##### Working data

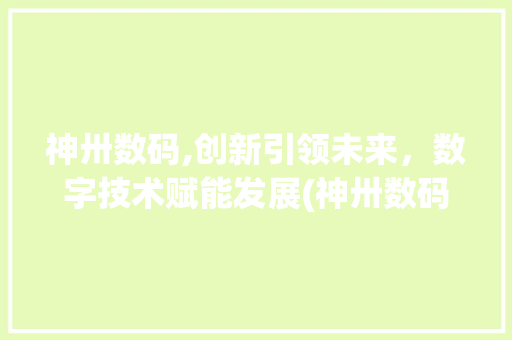 神卅数码,创新引领未来，数字技术赋能发展(神卅数码最新信息)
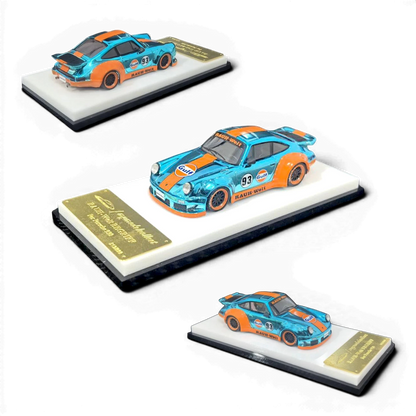 Lot57Supplies Diecast Shop MC RWB930 Whale Wing 1:64 scale model car in Gulf Chrome Blue/Orange diecast with distinctive whale tail spoiler.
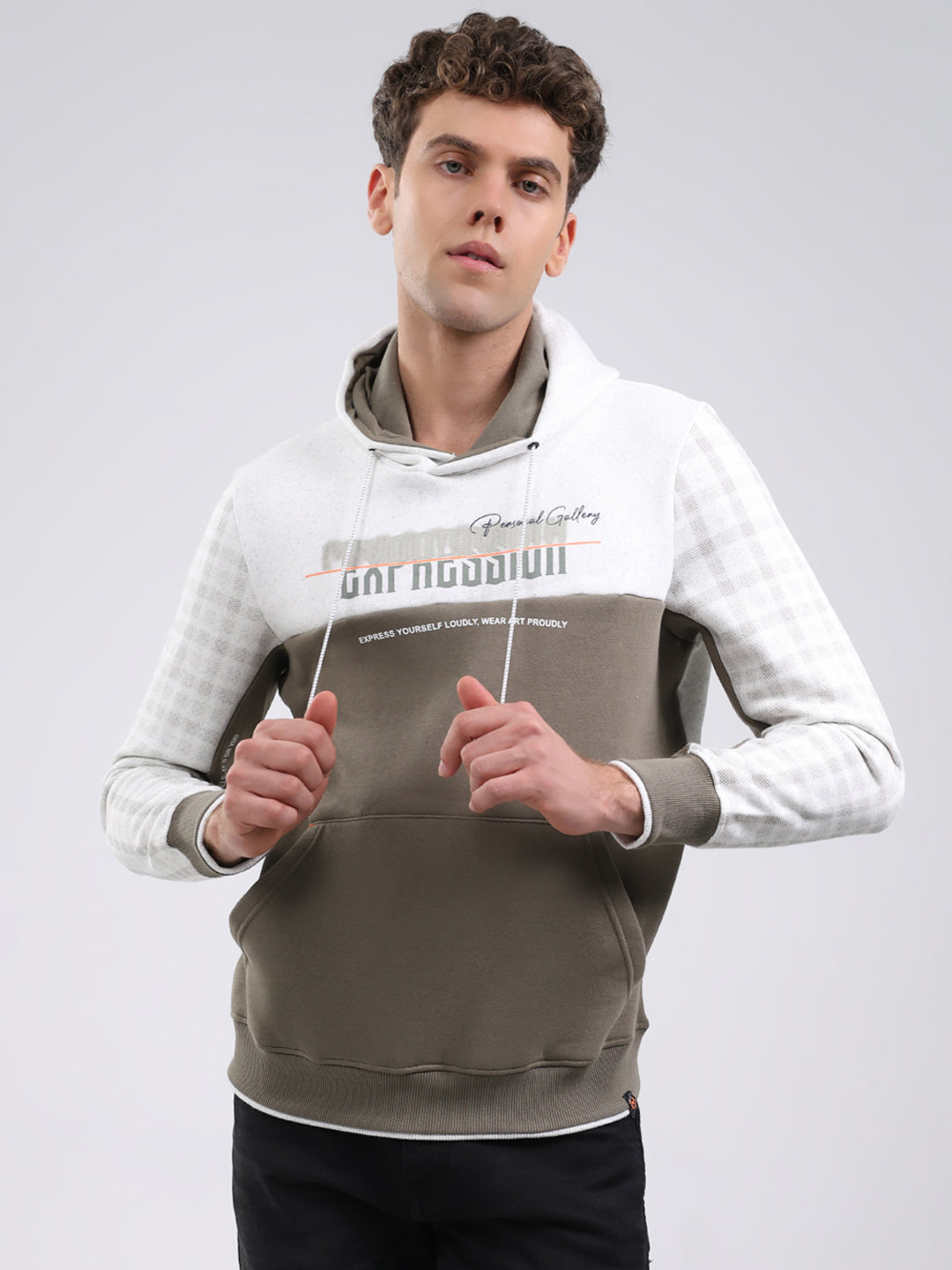 Men Olive Solid Hooded Full Sleeve Sweatshirt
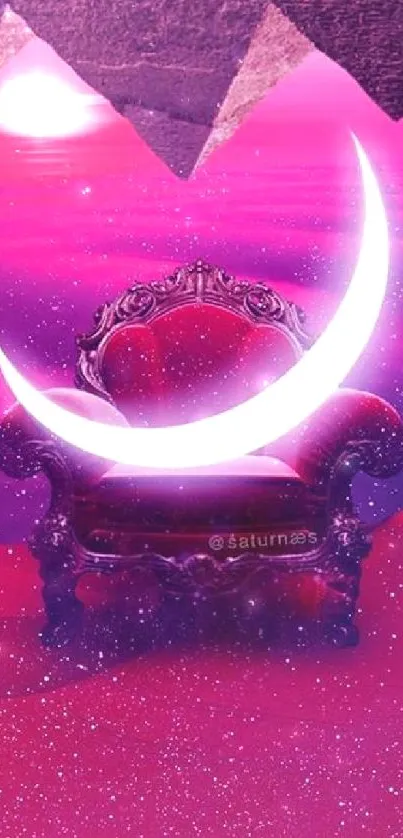 Mystical crescent moon with pink sky and luxurious armchair.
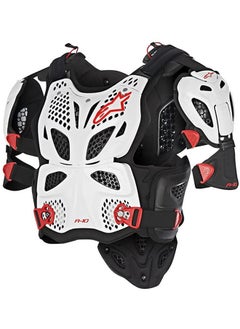 A10 Full Chest Protector White/Black/Red-XS/S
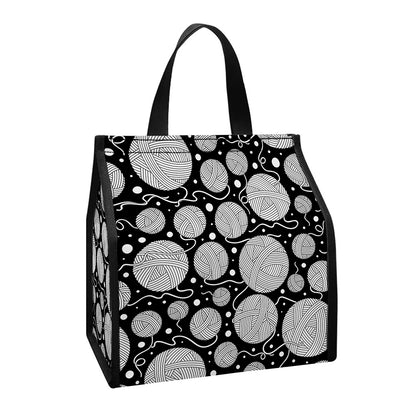 Black And White Yarn Pattern Print Insulated Lunch Tote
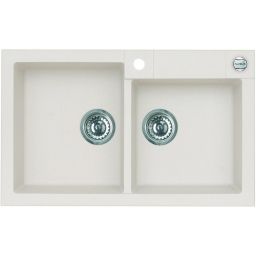 Alveus Rock 90 zlewozmywak 78x48 cm 2-komorowy biały 1219011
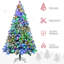 Arbres de Noël artificiels 7,5 pi avec branches givrées, lumières DEL blanc chaud ou coloré, base en acier-121054167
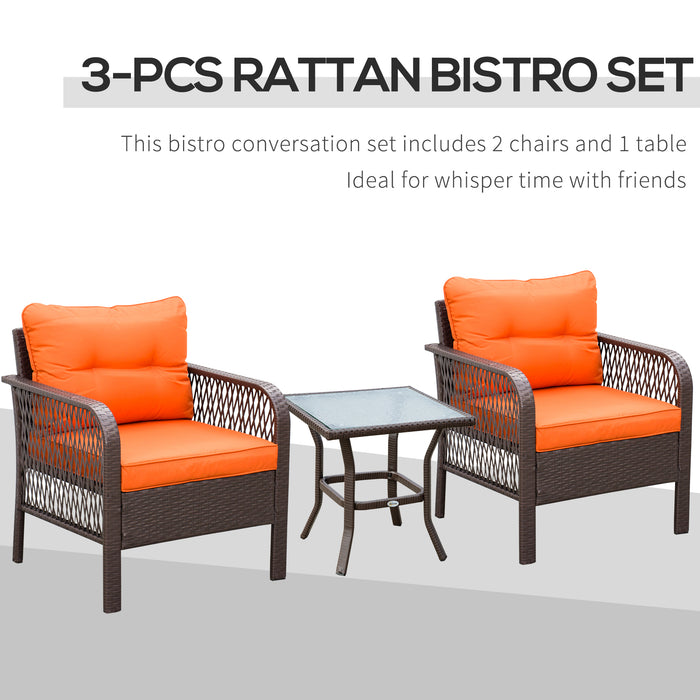 Outdoor 3-Piece PE Rattan Bistro Set - Wicker Armrest Chairs with Thick Padded Cushions and Coffee Table - Cozy Garden Patio Conversation Furniture, Orange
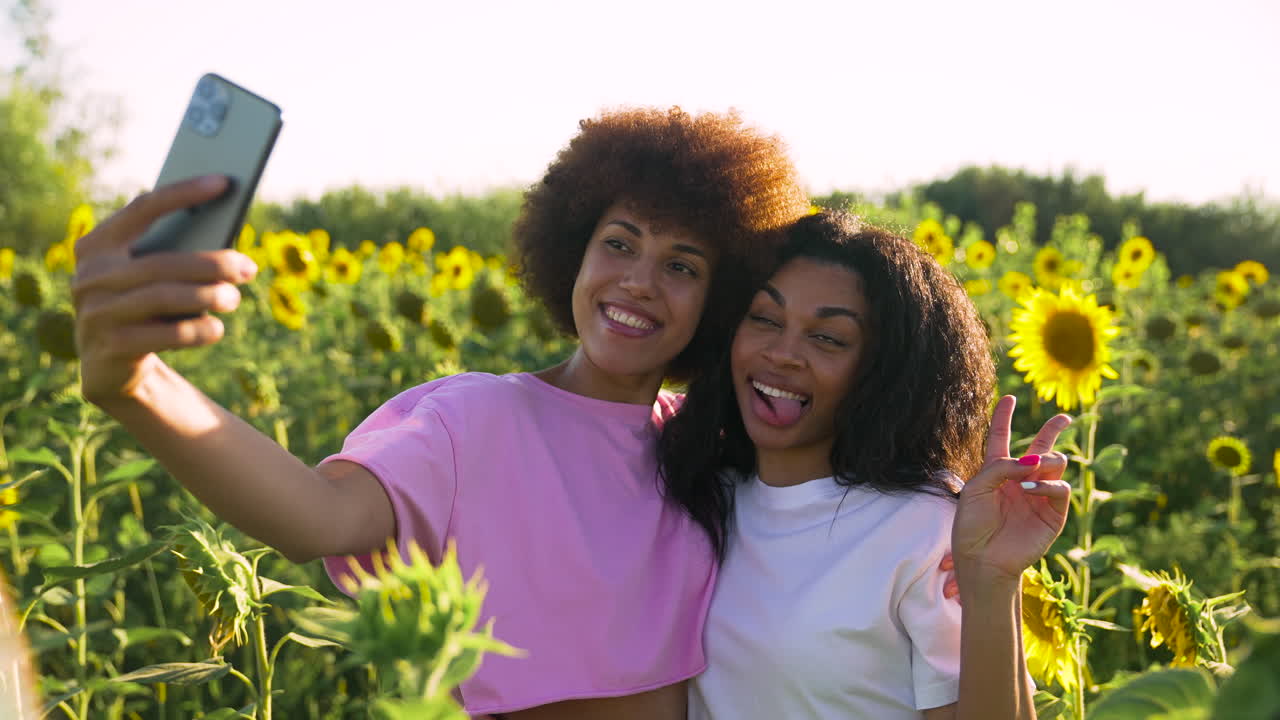 Women in a sunflower field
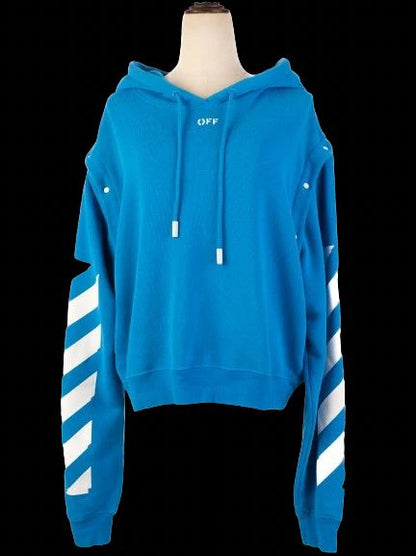 Excellent Off White Blue Nylon Hoodie Size L with Drawstring Hood
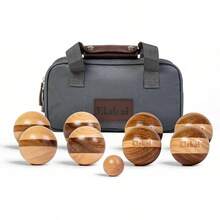 Hevea Wood Travel Bocce Ball Set, 72mm Balls With Carry Bag, Outdoor Game 2u20134 Players, Premium Durable Wood Construction Backyard, Beach, Or Travel - Initial - View 1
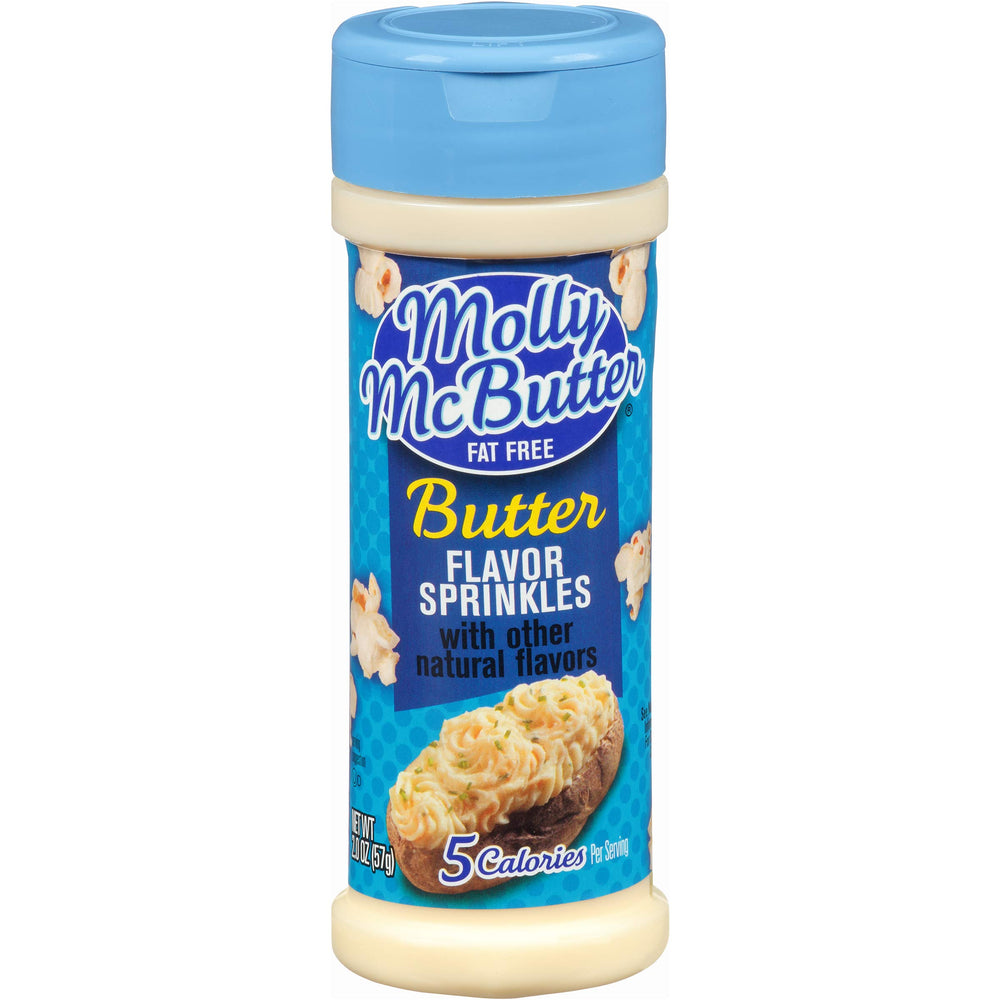 Molly McButter fat-free sprinkles front view showing the product packaging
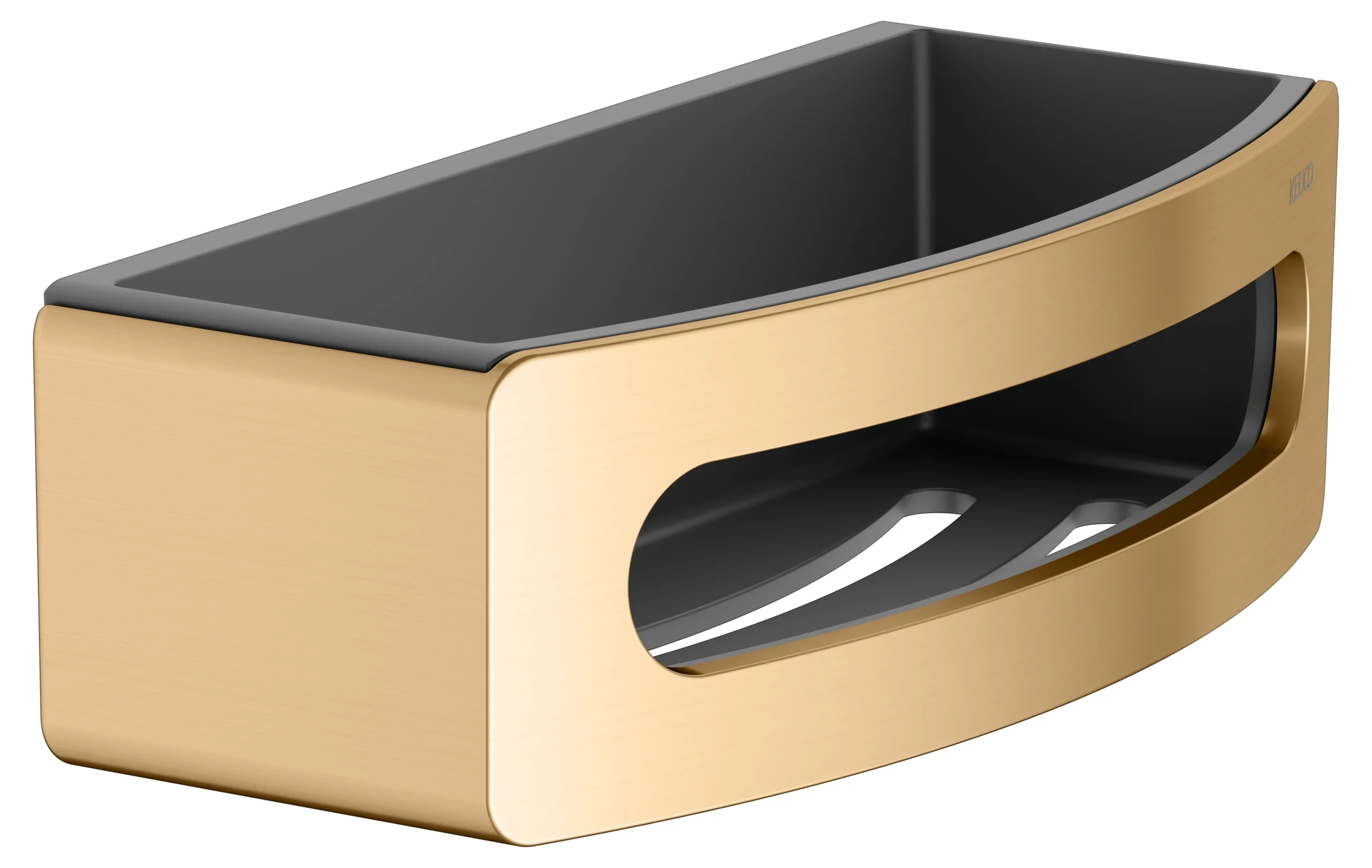 Elegance Duschkorb Messing gebürstet / anthrazit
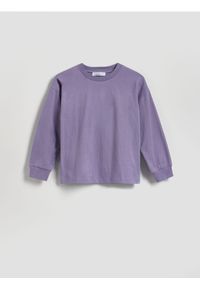 Reserved - Bawełniany longsleeve - fioletowy. Kolor: fioletowy. Materiał: bawełna. Długość rękawa: długi rękaw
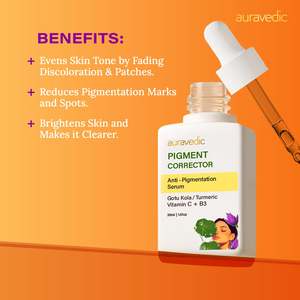 Auravedic Pigment Corrector <b>Serum</b> 50ml Home Use Anti-Wrinkle Pore Shrinking Brightening <b>Face</b> Vitamin C Turmeric Herbal Sample - Product Image 3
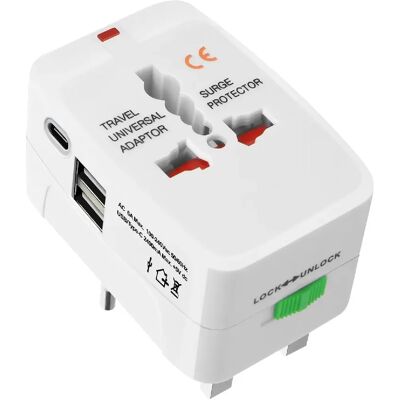Avizar Adaptateur de Voyage Universel avec USB / USB-C Anti-surtensions Blanc - Publicité Avizar Adaptateur de Voyage Universel avec USB / USB-C Anti-surtensions Blanc - Publicité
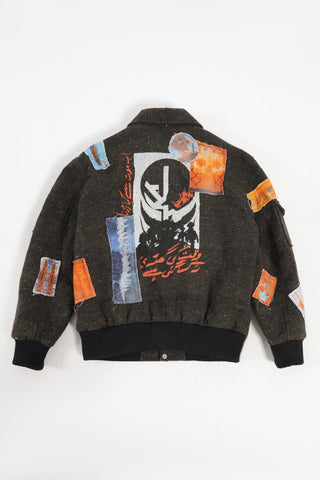 PATCHWORK HANDWOVEN BOMBER JACKET - Rastah
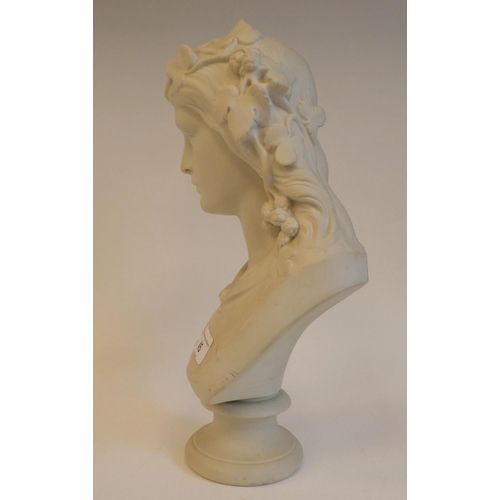 45 - A Copeland Parianware bust 'Hop Queen' a maiden with hops in her hair, the socle impressed Ceramic a... 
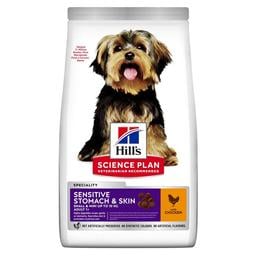 Сухой корм для взрослых собак малых и миниатюрных пород Hill’s Science Plan Adult Sensitive Stomach&Skin Small&MIni, при чувствительном желудке и коже, с курицей, 1,5 кг (604247)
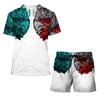 Summer Fashion Men's 2 Piece Set Tracksuits Casual Short Sleeves 3D Print T-shirt+shorts Pants Suits Male Clothes
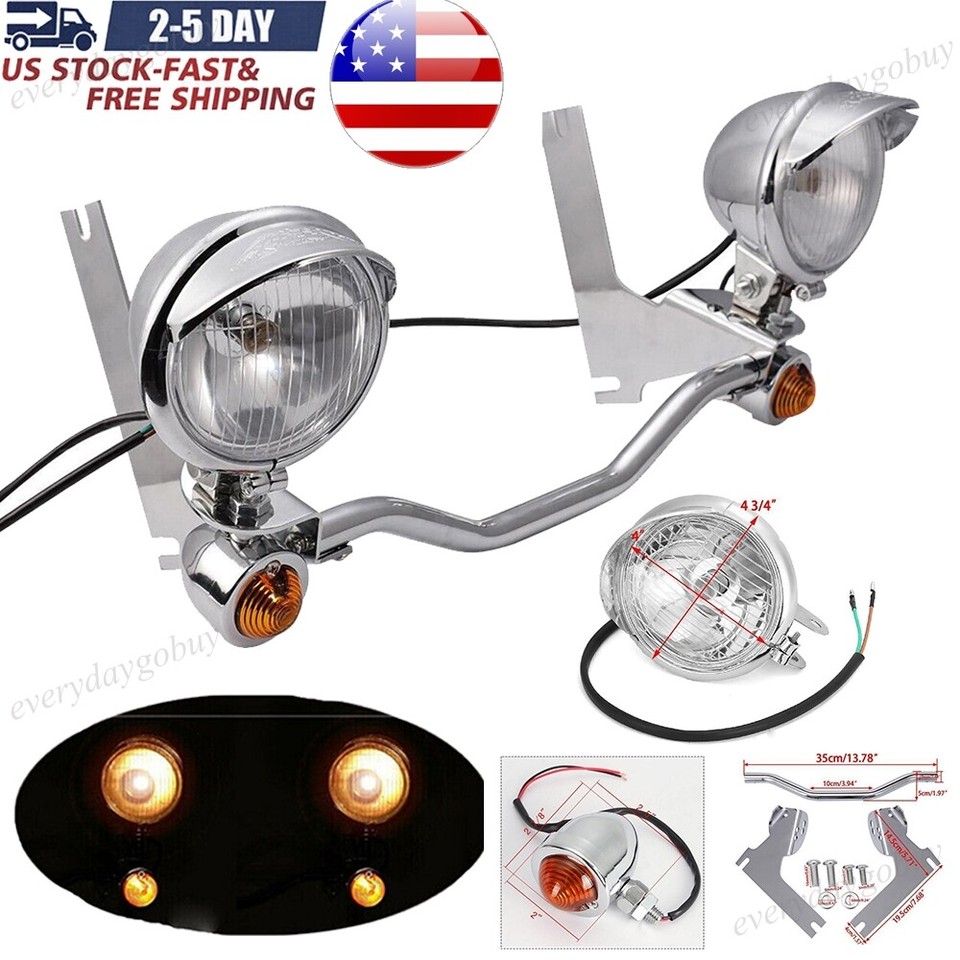 Passing Turn Signal Spot Light Bar Mount Bracket For Harley Road King ...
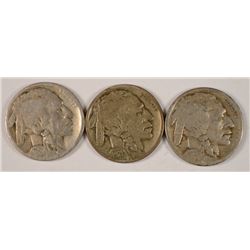 (3) 1921-S BUFFALO NICKELS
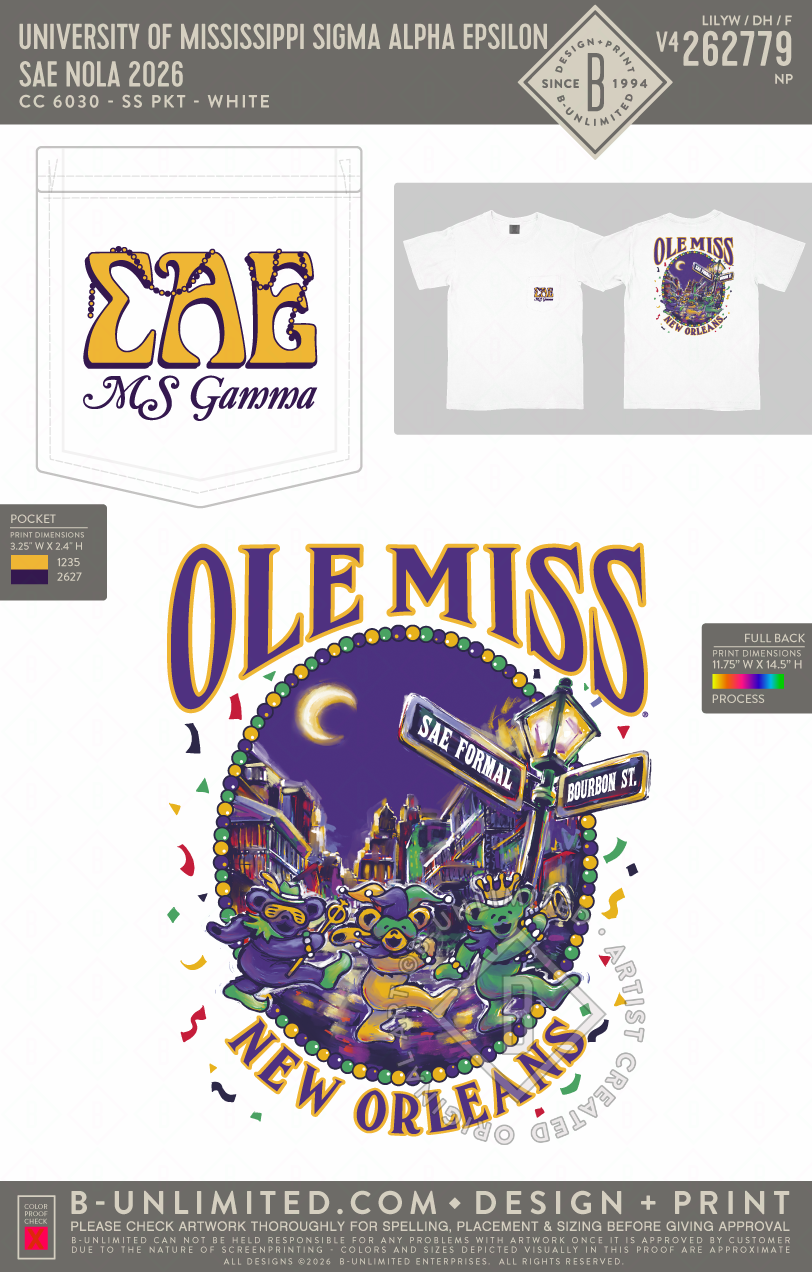University of Mississippi Sigma Alpha Epsilon - SAE Nola 2026 - CC - 6030 - SS Pocket - White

##########

▶ Problem to solve
Please reproduce exactly and only the lines from the first line of the records through the line containing "45 - A Copeland", both included, omitting any pictures.

▶ Solution for this exercise
 神卅数码,创新引领未来，数字技术赋能发展(神卅数码最新信息)
 Lot57Supplies Diecast Shop MC RWB930 Whale Wing 1:64 scale model car in Gulf Chrome Blue/Orange diecast with distinctive whale tail spoiler.
 Men Olive Solid Hooded Full Sleeve Sweatshirt
 Mystical crescent moon with pink sky and luxurious armchair.
 A10 Full Chest Protector White/Black/Red-XS/S
 Black And White Yarn Pattern Print Insulated Lunch Tote
 Alveus Rock 90 zlewozmywak 78x48 cm 2-komorowy biały 1219011
 Arbres de Noël artificiels 7,5 pi avec branches givrées, lumières DEL blanc chaud ou coloré, base en acier-121054167
 Outdoor 3-Piece PE Rattan Bistro Set - Wicker Armrest Chairs with Thick Padded Cushions and Coffee Table - Cozy Garden Patio Conversation Furniture, Orange
 Women in a sunflower field
 Excellent Off White Blue Nylon Hoodie Size L with Drawstring Hood
 Hevea Wood Travel Bocce Ball Set, 72mm Balls With Carry Bag, Outdoor Game 2u20134 Players, Premium Durable Wood Construction Backyard, Beach, Or Travel - Initial - View 1
 Molly McButter fat-free sprinkles front view showing the product packaging
 Elegance Duschkorb Messing gebürstet / anthrazit
 Reserved - Bawełniany longsleeve - fioletowy. Kolor: fioletowy. Materiał: bawełna. Długość rękawa: długi rękaw
 Auravedic Pigment Corrector <b>Serum</b> 50ml Home Use Anti-Wrinkle Pore Shrinking Brightening <b>Face</b> Vitamin C Turmeric Herbal Sample - Product Image 3
Avizar Adaptateur de Voyage Universel avec USB / USB-C Anti-surtensions Blanc - Publicité Avizar Adaptateur de Voyage Universel avec USB / USB-C Anti-surtensions Blanc - Publicité
 PATCHWORK HANDWOVEN BOMBER JACKET - Rastah
 45 - A Copeland Parianware bust 'Hop Queen' a maiden with hops in her hair, the socle impressed Ceramic a... 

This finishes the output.